A_1 =\{\text{white ball drawn}\}

next we add a black ball and let A_2 again be the event \{\text{white ball drawn}\}. We continue on like that.

Now P(A_n)=1/(n+1). Clearly the A_i’s are independent and

\sum P(A_i) = \sum 1/(n+1) = \infty

and therefore

P(\{A_n \text{i.o.}\}) = 1

So no matter how many balls are already in the urn, at some point in the future we will again pick a white one.

Say in each round we add k black balls, then again we have

\sum P(A_i ) = 1/(1+1) + 1/(2+k) + 1/(2+2k) + .. =\sum 1/(2+nk) =\infty

and for any k>0, so the same conclusion holds!

Now say that in each round we doubled the number of black balls added, so in the first round it is 1, then 2, 4, 8 etc

\sum P(A_i ) = 1/(1+1) + 1/(2+2) + 1/(4+4) + .. = \sum 1/2^n < \infty

and so now there will be a time after which we never pick the white ball again.

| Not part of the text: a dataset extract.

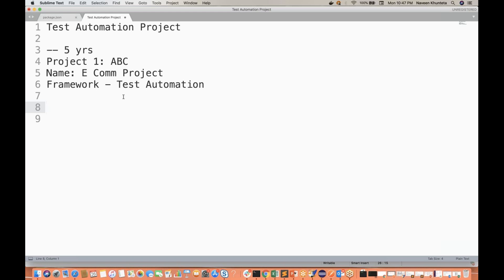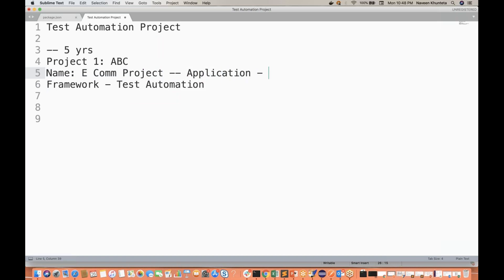Everybody is aware that if you worked at an ABC company on an e-commerce project, obviously you know about that application. Project means your application — and this application can be anything, available as web or mobile, or there may be backend APIs as well. So don't be confused between these terminologies.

If we take the two Borel Cantelli lemmas together we have the following: Let \{A_n \} be a sequence of independent events, then

P(\{A_n \text{i.o.}\}) = 0 \text{ or }1

This is an example of a so called 0-1 law, of which there are quite a few in probability theory. Here is one of the famous ones:

Definition (1.2.17)

Let \{A_n \} be an infinite sequence of events. An event B is called a tail event if knowing whether or not A_n occurred for each n determines B, but B is independent of any finite collection of A_n’s.

Example (1.2.18)

P(\{A_n \text{i.o.}\}) is a tail event.

Theorem (1.2.19)

Kolmogorov’s 0-1 law

Let B be a tail event of the sequence \{A_n \}. Then P(B) is either 0 or 1.